In a 2015 widely circulated video, the African-American rap and movie star Tyrese Gibson is seen explaining how much love he received during his time in the UAE while promoting the movie Furious 7. He shouts out the Al Maktoum and Zayed families as ‘visionaries’ of the two emirates, Dubai and Abu Dhabi, seemingly endorsing the idea that the UAE is a paragon of progressivism.

It is certainly understandable that the super-wealthy would hold such a view. After all, the UAE has been very much built as a Mecca for capitalist play-boying. I’m not sure Tyrese would have held the same view had he entered the country as one of the thousands of migrant workers who are routinely abused in the country. Furthermore, behind the glittery façade, the UAE’s role in the ‘War on Terror’, as a country that has been inextricably involved in its myriad abuses, has largely been under-documented.

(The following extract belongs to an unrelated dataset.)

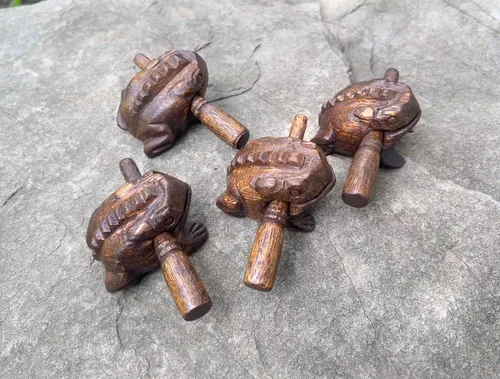 Vista 5 de Instrumentos de percusión hechos a mano clásicos tailandeses de 2.3-2.5 pulgadas, rana de madera, rana de madera, instrumento musical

My contention in this piece is that the UAE, more than any other country in the Arab world, has played, and continues to play, a crucial role in supporting the US-led global War on Terror, reinforcing the structural Islamophobia against Muslim individuals and communities. This might seem, prima facie, a contradiction. After all, the UAE is built up of Muslim-majority principalities. However, my argument is that as a matter of policy, the country has been heavily involved in the perpetuation of the War on Terror’s violence.

Having seen the effects of Western discriminatory policies – most notably CVE and PREVENT – the UAE must be reminded that the policies they support have a deep and lasting effect on ordinary Muslims. They are, at their core, violent, and are fundamentally designed to support the current global geopolitical paradigm and bring even more profit to the profiteers.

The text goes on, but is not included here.